HAVANA — Cuba's dollar-only stores displayed "closed for inventory" signs Tuesday after the communist government suddenly shut them down, blaming new U.S. measures aimed at squeezing the island's economy.
Long lines stretched from state stores with food and personal hygiene products — nearly the only items still sold to Cubans in dollars — as people scrambled to buy shampoo and soap from rapidly emptying shelves.
"This is insanity," said 64-year-old Odila Morales, waiting to buy laundry detergent. "Politics are filthy."
The government did not say whether the stores would reopen. But Julio Perez, the administrator of Harris Brothers department store, said they were merely giving dollar-only stores time to mark up the prices of all their goods.
"It really isn't anything serious," said Perez. "Maybe it will only be three, four, five days."

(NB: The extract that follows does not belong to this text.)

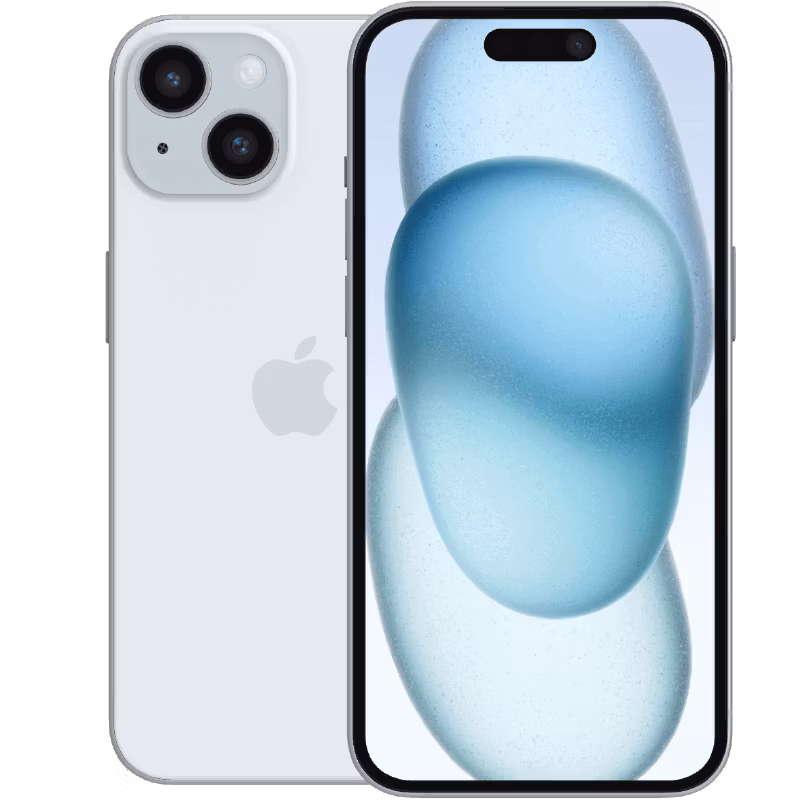 Apple iPhone 15 reparation i Linköping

Some questioned how the closure — which prevents Cubans from spending dollars at the government stores — would counteract the U.S. proposals announced last week, which aim to reduce hard currency on the island by limiting how often Cuban-Americans can visit relatives, decreasing how much they can spend, and prohibiting money transfers to Cuban officials and Communist Party members.
"It's not helping the Cuban people, and it's not helping the Cuban government," said Carmelo Mesa-Lago, an expert on the Cuban economy at the University of Pittsburgh. "All this is bad — bad economics, bad social welfare."
Mesa-Lago said the measures be aimed at strengthening the Cuban government's control over the economy.
Castro's government has issued furious denunciations of Washington's proposals, and officials announced "a gigantic march" for Friday to protest what they called President Bush's "fascist policies."
Cuba was forced to implement liberal reforms in the early 1990s to cope with the loss of Soviet aid and trade. Possession of dollars was legalized in 1993 to draw hard currency from growing tourism and family purchases at the state stores.
The government has steadily offered more and more goods in U.S. currency while the Cuban ration book of items available in pesos has withered.
For many Cubans, rations now cover eight eggs, a pound of chicken, about a pint of cooking oil, six pounds of rice, a half-pound of a ground meat-soy mixture, and a few other goods each month. The rest must be purchased at far higher prices either in pesos or in dollars.
The dollar-only shops have been associated with social inequalities that have worried Cuban leaders. The elite, with access to greenbacks, can easily buy everyday goods that a doctor cannot on a salary equivalent to $25 a month.
Three floors selling clothes, mattresses and electrical goods were cordoned off in Harris Brothers, where employees stood behind empty counters looking confused. Other workers catered to dozens of shoppers buying cooking oil, Spam and deodorant in the store's only open section.
Dozens of stores along Old Havana's commercial Obispo Street selling toys, shoes and fancy furniture never opened Tuesday. Gift shops in upscale hotels and other tourist stores, however, were still selling T-shirts, crafts and camera film in dollars.
Laura Pernez, a 25-year-old gift shop clerk, said tourists would not be affected by the measures. Cubans, on the other hand, were very uncertain.
"I am worried, of course, since we don't know if this is going to be for a week, a month, or seven years," Pernez said. "But we need to wait. One shouldn't go into a panic."
While most stores were shut tight, many of those inside hotels remained open to serve tourists. Some Cubans took advantage of that on Tuesday as officials tried to work out how to apply the new rules.
Rolando Hernandez, a salesman at a store connected to the Comodoro Hotel, said it sold about 10 washing machines, 10 refrigerators and about the same number of stereo sets. Usually they sell one or two of each, if any.
"They lined up and bought and bought," he said.
The government said that dollar prices would be raised on food and gasoline and perhaps other products.
But it assured Cubans that other aspects of the economy would not be affected: people will still be able to change money, buy food in pesos at private farmers' markets, and have access to such government services as health care and education.
Mesa-Lago said the dollar stores were opened in 1993 in large part to fight a growing black market in which goods were traded in dollars without passing through the state's hands.
"Once they close this window, then the black market is going to expand," he said.